[コメント] 突撃(1957/米)
映画を見終った人むけのレビューです。
これ以降の文章には映画の内容に関する重要な情報が書かれています。
まだ映画を見ていない人がみると映画の面白さを損なうことがありますのでご注意下さい。
思い切りネタバレです。
兵士を捨てコマのように見なす上官に、とうとう抑えていた怒りをぶちまけた主人公の大佐は、その直後兵舎の食堂で休息をとっている兵士たちを外から覗く。そこでは彼らが、捕えられた一人の敵国の女性に対し、野卑丸出しのひやかしを繰りひろげていた。大佐は「俺が自らの誇りを盾に守ってやったのはこんな下卑た奴等だったのか」大佐は嫌悪感をあらわにするが、女性が歌いだした兵士たちの国の悲恋の歌を聞くうちに兵士たちは皆やがて静まり涙を流し始める。「俺達だって好きでこんなささくれだった心になったわけじゃないんだ」と言わんばかりに。大佐はそれを見て自分のとった行動に満足し、前戦へ向かえという伝達兵に「少し待ってやってくれ」とかなんとかいって終る。

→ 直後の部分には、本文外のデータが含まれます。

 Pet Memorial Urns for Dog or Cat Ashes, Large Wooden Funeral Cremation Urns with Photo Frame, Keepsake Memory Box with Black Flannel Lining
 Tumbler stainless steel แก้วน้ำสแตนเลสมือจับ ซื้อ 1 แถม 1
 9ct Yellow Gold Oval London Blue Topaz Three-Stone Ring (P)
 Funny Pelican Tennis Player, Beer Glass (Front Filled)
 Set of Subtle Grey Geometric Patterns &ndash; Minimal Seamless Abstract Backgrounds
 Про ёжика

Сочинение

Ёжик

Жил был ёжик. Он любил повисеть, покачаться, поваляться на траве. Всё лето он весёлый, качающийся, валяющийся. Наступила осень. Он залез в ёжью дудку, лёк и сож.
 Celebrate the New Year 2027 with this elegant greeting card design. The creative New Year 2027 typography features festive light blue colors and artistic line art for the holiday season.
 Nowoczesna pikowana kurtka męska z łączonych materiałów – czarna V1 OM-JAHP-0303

かっこいい。戦争、軍隊という中にあっても人が人間らしい心を失わないという「希望」。普通ならここでヒューマン精神にあふれた大佐の表情を映し、感傷的なテーマが流れる。シナリオ的には何となくそんなイメージが浮かんできそうだ。
ところが、キューブリックはズームアウトした大佐の歩く姿に、勇壮なマーチを流してしめくくる。これでは「希望」ではなく、兵士も大佐も、所詮「軍隊」というシステムに収斂されていく存在にすぎないっていう「諦念」という印象だ。
このシーン、何か脚本からズレているような仕上がりになっているのではないかと思った。かっこよく決めた大佐にあの選曲、あの演出っておかしいんじゃないか?と違和感を感じた。そこで「ダグラスは騙されたのか」と題してコメントを書こうと思っていた矢先に黒魔羅さんのコメントを目にした(詳しくは黒魔羅さんのコメントを読んでください)。それを読んでとても不思議なのが、この結末、むしろダグラスがやり直しをさせてこうなったという点だ。でもこの終らせかた、というか事物のとらえ方はとてもキューブリックっぽいと私には思えるのだ。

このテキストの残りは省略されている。